--- START ---

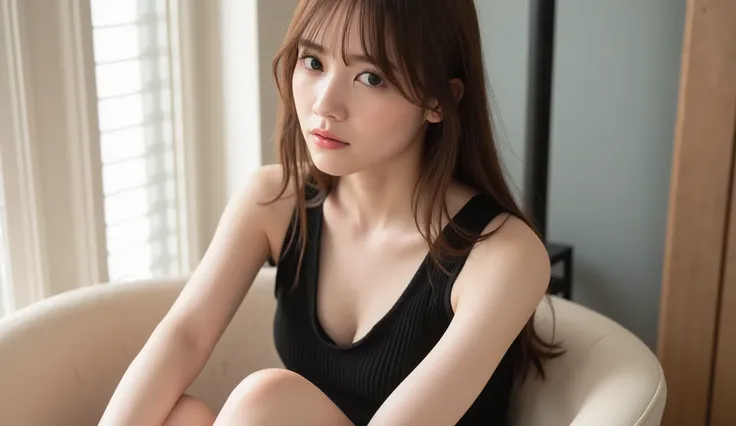 1 girl, solo, long hair, add texture, (Wear a small tank top, black plate miniskirt), Open button, Natural Breasts,  Watch Viewers , sit on a chair and cross your legs.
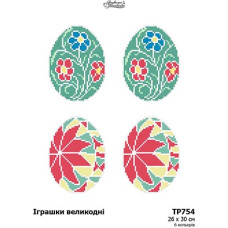 ТР754пн2630i Барвиста вишиванка Набір для вишивки друкованим хрестиком - Великодні іграшки 23x34 см, (схема на габардині)
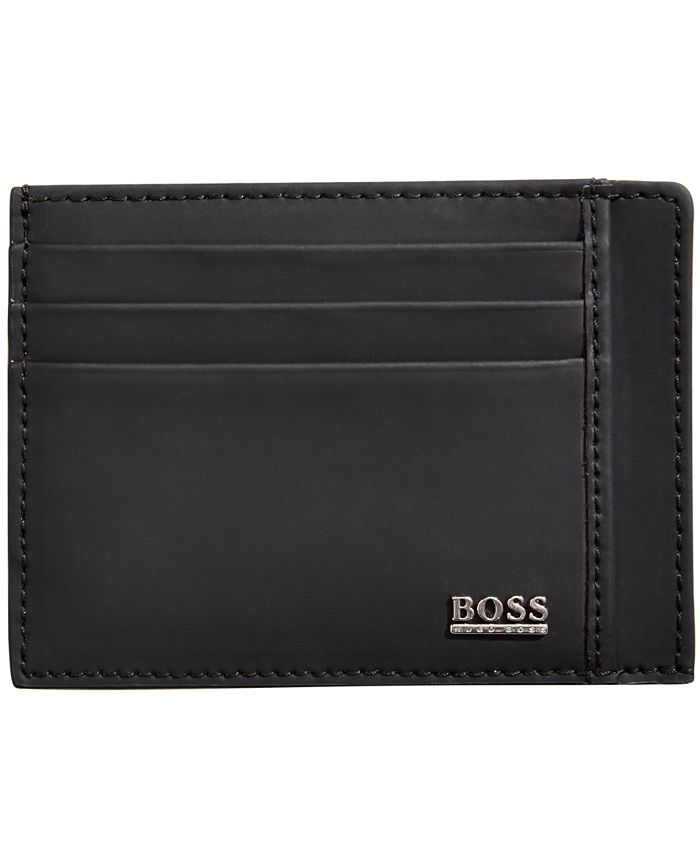 Hugo Boss Signature Matte Leather Cardholder - Macy's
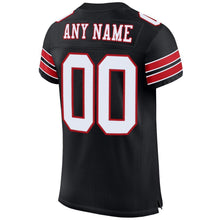Load image into Gallery viewer, Custom Black White-Red Mesh Authentic Football Jersey
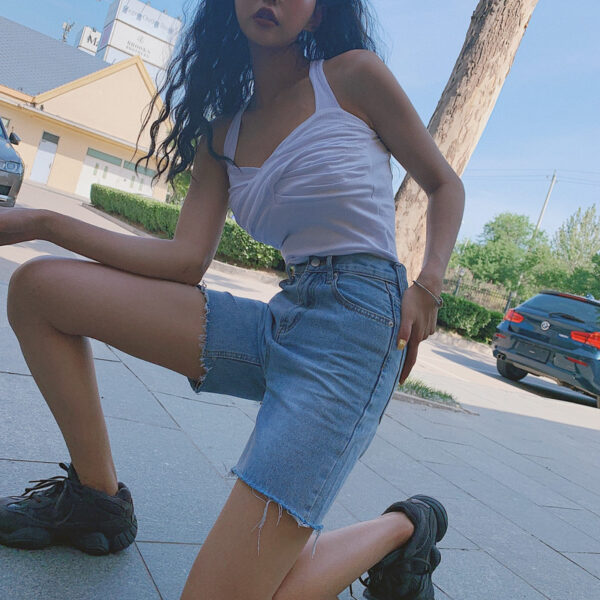 High-Waisted Five-Point Jeans For Women Summer Thin New Loose Wide-Leg Slim Straight Hot Girl Shorts Hot Pants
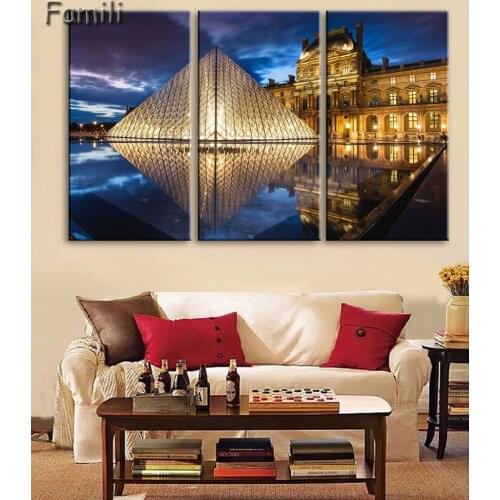 3 panel canvas art Modern Printed Landscape Painting Canvas Wall Art Paris City Building Paintings Wall Picture No Frame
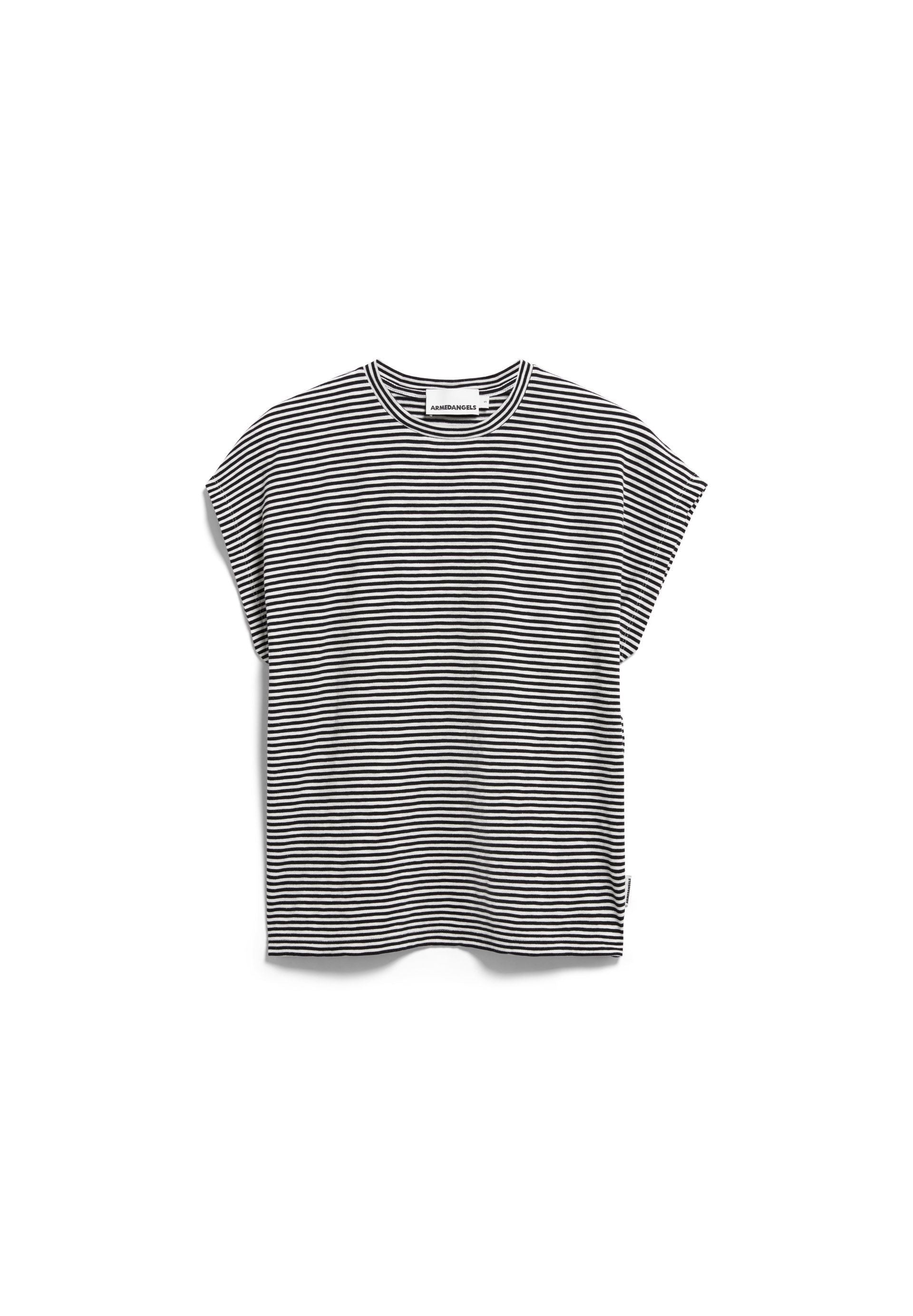 Gestreiftes Jersey T-shirt (Black-oatmilk)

--- END ---

Problem
Take the line containing "Hugo Boss Signature" and every line after it to the end of the records, and restate them verbatim, with no pictures.

Response for this exercise
 Hugo Boss Signature Matte Leather Cardholder - Macy's
Load image into Gallery viewer, Custom Black White-Red Mesh Authentic Football Jersey
 High-Waisted Five-Point Jeans For Women Summer Thin New Loose Wide-Leg Slim Straight Hot Girl Shorts Hot Pants
 3 panel canvas art Modern Printed Landscape Painting Canvas Wall Art Paris City Building Paintings Wall Picture No Frame
 Gestreiftes Jersey T-shirt (Black-oatmilk)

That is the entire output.